159.     In Estonia, there is a conciliation procedure for compulsory purchase cases, which seeks to establish the financial compensation to which the expropriated property owner is entitled.

 

160.     In Hungary, section 38 of the 1957 Act on General Rules of Administrative Procedure stipulates that if the nature of a case allows, the authorities must try to reach an agreement with the parties concerned before taking a decision.

 

161.     In Italy, one example of the conciliation procedure occurs in public employment disputes.  Before employees can seek redress in the courts, they are required to enter a conciliation process before the relevant provincial labour office.  Each of these offices includes a conciliation bench composed of the office's director, an employee representative and a representative of the government department concerned.  The procedure laid down respects the principle of equality of the parties.  If the parties reach an agreement, a report is drawn up setting out the content of the agreement and is enforceable.  If the parties do not themselves reach an agreement, the bench draws up a conciliation proposal, a procedure which then resembles mediation.  If the parties reject this proposal, it is set out in a report which becomes one of the documents in the case file during the judicial proceedings.  Employees can only apply to the ordinary courts once the conciliation attempt has failed, within a period of 180 days.

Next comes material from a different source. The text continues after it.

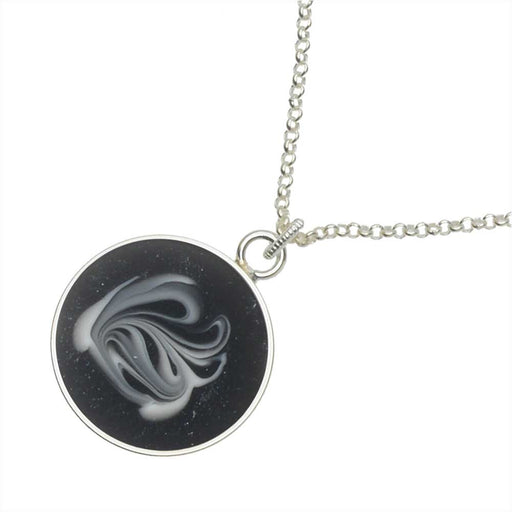 Retired - Black & White Swan Dance Necklace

162.     There is a similar system in Portugal for public contracts under which, in the event of any dispute concerning the validity, interpretation or application of a contract, there must be a conciliation attempt before the case can be brought before the courts.  This takes place before a commission made up of representatives of the parties and chaired by the president or another member of the public works and transport council, a consultative body attached to the Ministry of Social Infrastructure.

 

163.     Finally, in Slovenia, the Law on the State Attorney introduces an extra-judicial conflict resolution procedure in which private persons who wish to bring an action against the government are first required to propose an out-of-court settlement to the State Prosecutor, who must reply within 30 days.  This procedure applies in all fields: civil, criminal and administrative.

 

3.         Mediation

 

164.     Mediation is used in administrative cases in Belgium, Estonia and Lithuania.

 

165.     In Belgium, the institution of mediator exists in both the public and private sectors, as well as in autonomous public enterprises.  Mediators' responsibilities and the extent of their intervention vary from case to case, but they are all independent authorities, whose powers differ from those of government departments or the courts.  Their task is to seek an out-of-court settlement between the parties, but also to provide them with information, undertake inquiries and draw up recommendations.  There are two federal mediators, a French-speaking and a Dutch-speaking one, who work together and whose duties are similar to those of the ombudsman (see below).

 

166.     In Estonia, mediation is confined to the field of compulsory purchase: the governor of the county in which the relevant property is situated may call on the parties to the proceedings to agree on the level of financial compensation within a maximum period of two weeks.

 

167.     Lithuania, in contrast, offers one of the few examples of a general system for the extra-judicial settlement of administrative disputes.  The system, established very recently, allows complainants – except in a few cases – to choose at the outset whether to pursue the judicial or the out-of-court method of settling their case.  However, even if they opt for the latter, they always retain the right of appeal to an administrative court once the extra-judicial proceedings have ended.

 

168.     There are two types of out-of-court settlement: a special system that exists in several branches, resembling ones in other countries, and a general system.  The latter comprises three tiers of administrative disputes committees.  The first tier, at the municipal level, does not yet exist because the establishment of local committees is optional.  However, the district and national committees are in permanent session.  They have been established by the government for a four-year period and comprise five legal members.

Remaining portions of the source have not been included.